慌てて頭を下げると、ゴドーさんは「お気になさいますな」って笑ってくれた。多分彼は、もう吹っ切っているんだと思う。
俺もいつか、向こうの世界のことを吹っ切らないと駄目、だろうな。うん。
「では、わしはお夕食の準備に参ります。お時間になりましたら呼びますので、それまでお休みくださいまし」
「はい、ありがとうございます」
「うん、ありがとう。楽しみにしてるよ」
深々と頭を下げて、ゴドーさんはいそいそと階段を降りていった。これから食材の運び込み? 先に準備してるような気がするんだけど、もしかしてうちから何か持ってきたのかな。父さんがタイガさんに言ってた胡椒とか。
「姉さま。ゴドーの料理は家の料理とはちょっと違うんですけど、でも美味しいですよ」
「そうなんだ。やっぱ、住んでる場所によって違うんだな」
まあ、そうだろうな。こっちはシキノさんとこの領地だし、うちの領地とは採れるものも微妙に違うっぽいし。
山のほうだと、川魚とかないのかな。院長先生がたまに釣ってきてくれる鮎とかヤマメとか、結構好きだったんだけど。
一瞬思い出した院長先生の顔に重なるように、サリュウがぐいと顔を近づけてきた。こら弟、姉のドアップを見て楽しいか?
「……ところで姉さま」
「え、何?」
「タイガ兄さまのことなんですけど、姉さまはどう思ってらっしゃるんですか?」
「は?」
唐突にサリュウが、そんなことを聞いてきた。どう、って言われてもなあ。
親切な人だけど腹の底見えない、とかそういう答えを期待してないだろうってのは何となく分かる。この場合、答えるならこう、かな。
「……うーん。友達としてはいいんだろうけど、何かなあ。えらく苦労してそうで、大変だなあってくらいしか」
「いや、そうじゃなくてですね」
「そうじゃなくって、なんだよ」
いや、聞き返す意味はないな。
友人としてとかそういうことじゃないんなら、たとえ姉とはいえ異性に対して尋ねる意味はひとつだ。
うわあめんどくせえ。
「もしかして、一目惚れとかそっちのほう気にしてるのか?」
「え、あ、えっと」
ほらビンゴ。というかサリュウめ、何で耳まで赤くするんだろう。俺はあくまでお前の姉貴だっていうのにさ。中身兄貴だけど。

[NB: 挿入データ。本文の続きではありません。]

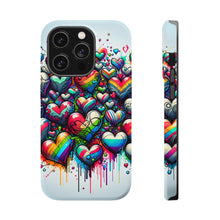 DistinctInk Tough Case for Apple iPhone, Compatible with MagSafe Charging - "Lively Love: Graffiti Hearts in Rainbow"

「とりあえず一目惚れはないし、今んとこ恋愛感情はないと言っておく。俺の方は」
きっぱりと答えるしかないので、そう答えてやった。途端ほーっと胸をなでおろしたサリュウを、どう見ていいのか正直分からない。
だいたい、何で俺は弟に恋愛の心配をされなきゃならないんだろうな。
いや、実の弟じゃないけどさ。でもサリュウ、タイガさんとは実の兄弟なわけで……って。
もしかして俺、実の兄弟の間で取り合いとかされてる? いや、いくら何でもそこまで趣味は悪くないだろ、と思う。うん。
っていうか、今の俺にとってはサリュウは弟だし、タイガさんはたまたま知り合った人だし。
とはいえ、はっきり2人にそう言っても通用はしないだろうな。というか、よーし頑張っちゃうぞーってタイプみたいだし、2人とも。
……何か、色んな意味で疲れたぞ、俺。